Warfield on the Antiquity of the Human Race


Warfield confidently asserted that the "question of the antiquity of man has of itself no theological significance." It was a matter of "entire indifference" to theology how long humans had been on earth. The only reason the issue had been raised could be traced to the contrast between the apparently short human history presented in the biblical narrative and the great amount of time assigned by "certain schools of scientific speculation." This discrepancy, however, is "entirely factitious" because he believed that his Old Testament colleague at Princeton Theological Seminary, William Henry Green, had demonstrated that the biblical genealogies may not legitimately be employed for the extraction of chronological information.6 Characteristic of biblical genealogies, said Warfield, is the omission of names, and for all we know, instead of the recorded twenty generations and apparent two thousand years between creation and the birth of Abraham, there might actually have been two thousand generations and two hundred thousand years. Thus as far as the biblical genealogies are concerned, "we may suppose any length of time to have intervened between these events which may otherwise appear reasonable." Consequently the matter of the antiquity of the human race becomes a strictly scientific concern.

Although clearly willing to grant high antiquity to humanity if need be, Warfield looked askance at scientific speculations demanding hundreds of millions of years of earth history and at evolutionary speculations insisting on hundreds of thousands of years of human development. He embraced Lord Kelvin's calculations of the earth's age at only twenty to forty million years as giving "pause to the reckless drafts which had been accustomed to be made on time."7 He sensed, too, that the scientific investigators of his day were acquiescing in a moderate estimate of human antiquity on the order of ten to twenty thousand years.

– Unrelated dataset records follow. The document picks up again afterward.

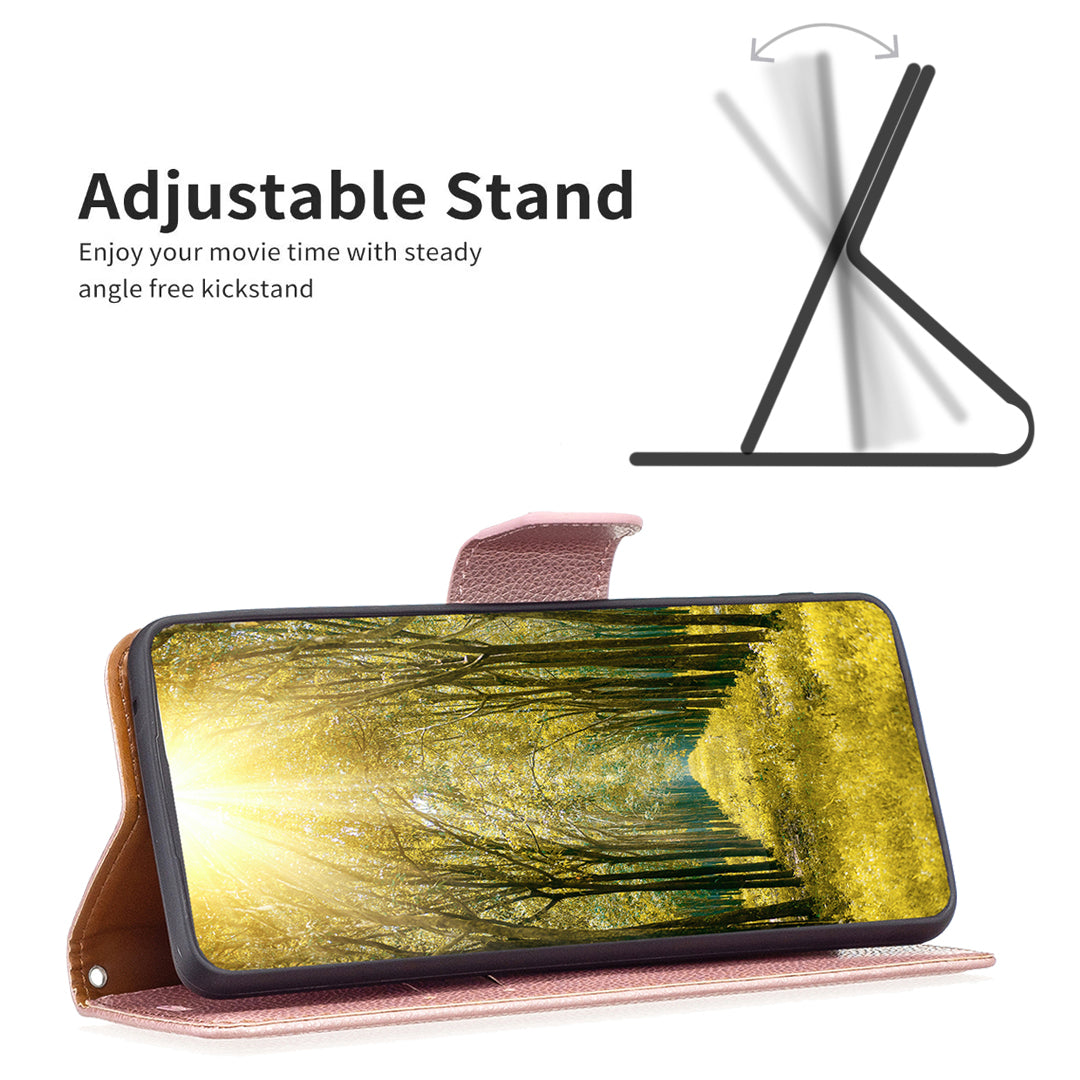 Uniqkart for iPhone 15 Pro Wallet PU Leather Cell Phone Cover Litchi Texture Phone Flip Stand Case with Strap - Rose Gold
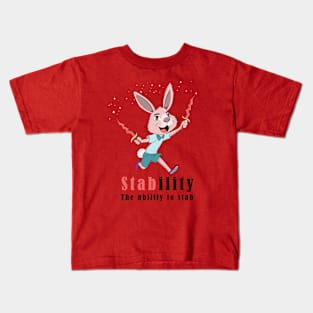 Funny Bunny Cute Stability Kids T-Shirt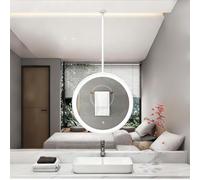 THEGA Miroir Mural Rond, Miroir Suspendu Au Plafond avec Éclairage LED, Lumières Dimmables À 3 Couleurs, Cadre Métallique Flottant - Idéal pour Meuble Vasque, Maquillage Et Rasage(White,50x50cm)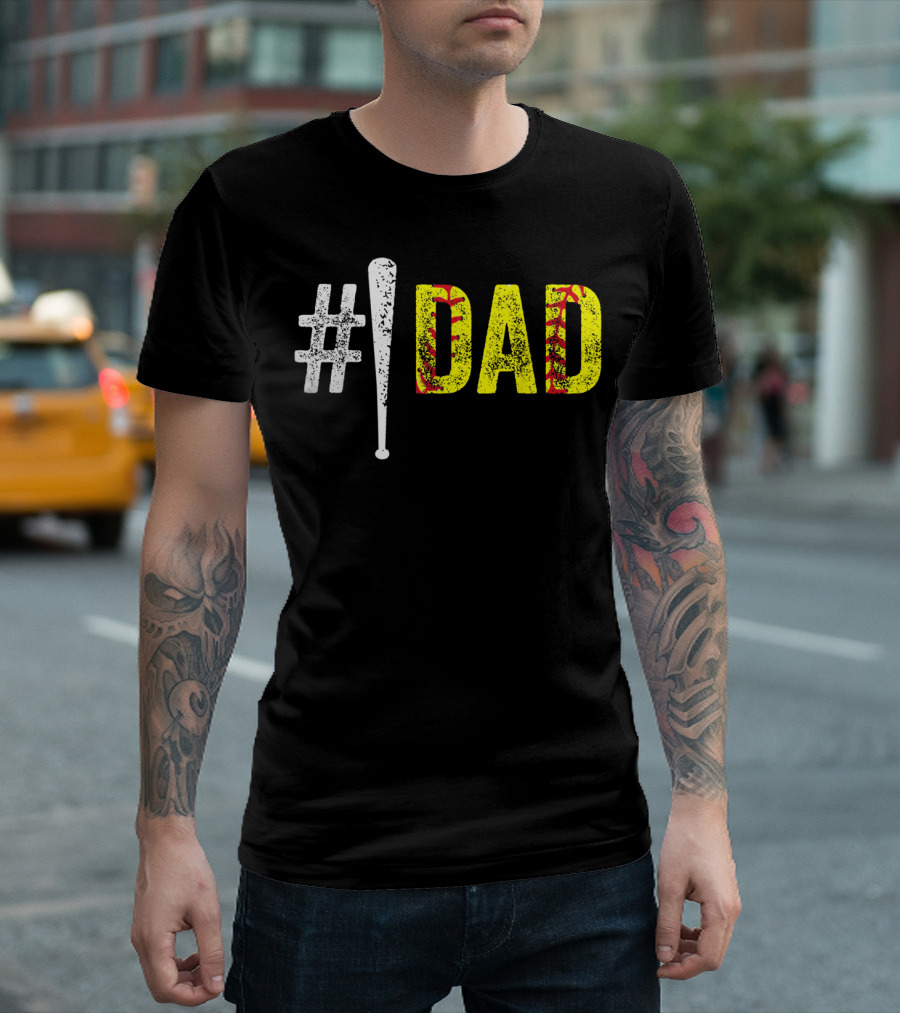 1 Dad Number One Softball Fan Dad T-Shirt
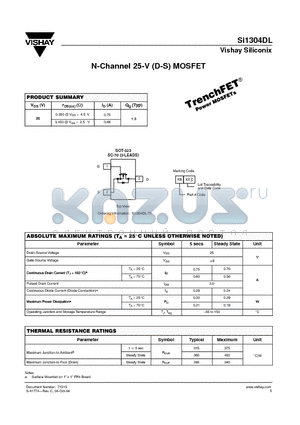 SI1304DL-T1 datasheet - N-Channel 25-V (D-S) MOSFET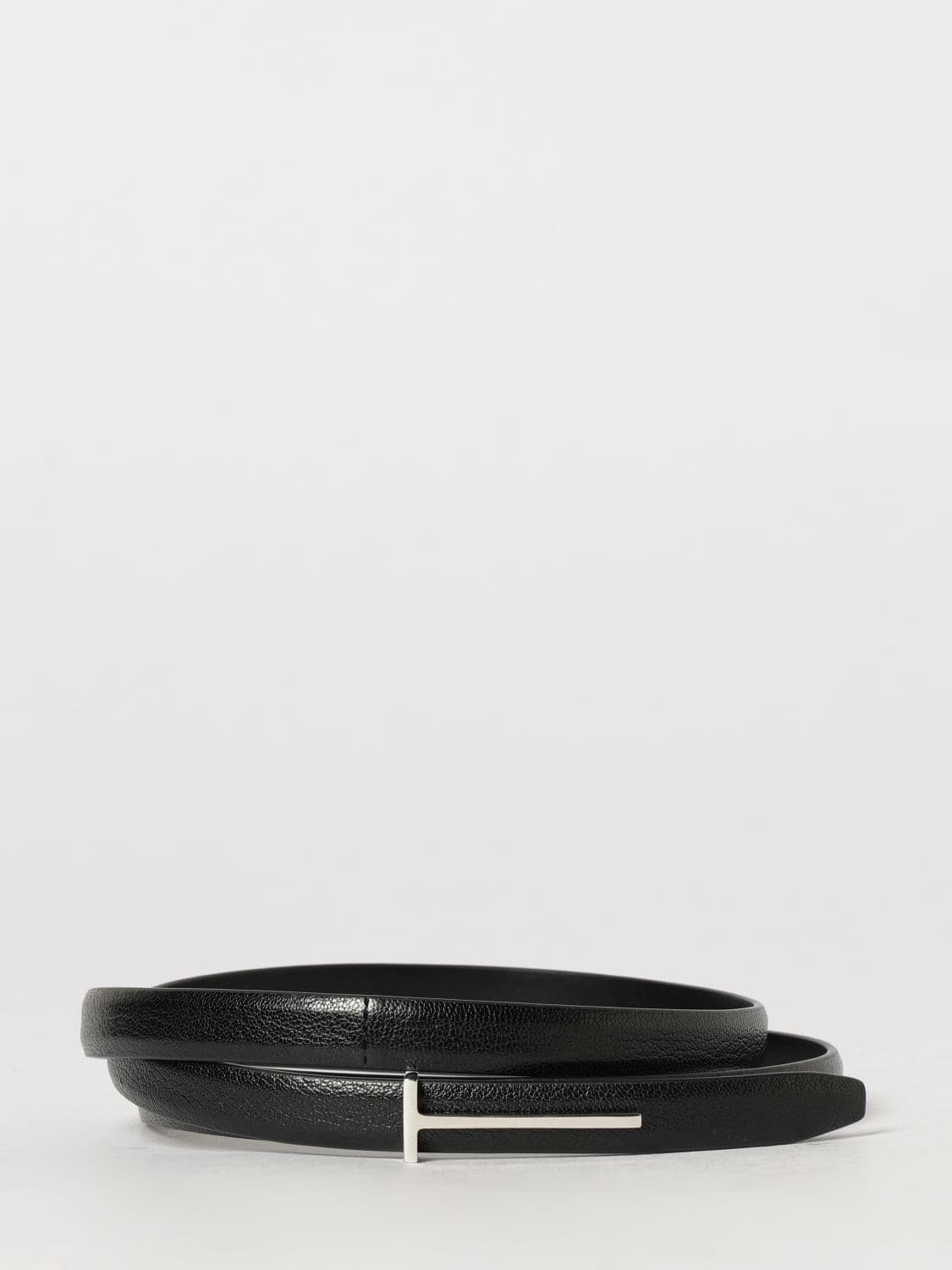 Tom Ford Adjustable Calfskin Leather Belt with T Monogram Buckle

I am suspicious of Warfield's claim that the biblical text is indifferent to human antiquity. Nor do I think that the issue of human antiquity necessarily has no theological significance. I suggest that Warfield overlooked biblical material apart from the genealogies that may place constraints on our estimates of the antiquity of Adam. As we shall see shortly, the Bible appears to provide data pertinent to human activity that can be dated archaeologically. When considered in conjunction with current information on human fossils, these data may have implications for how we understand the doctrine of original sin.

When Did Adam Live?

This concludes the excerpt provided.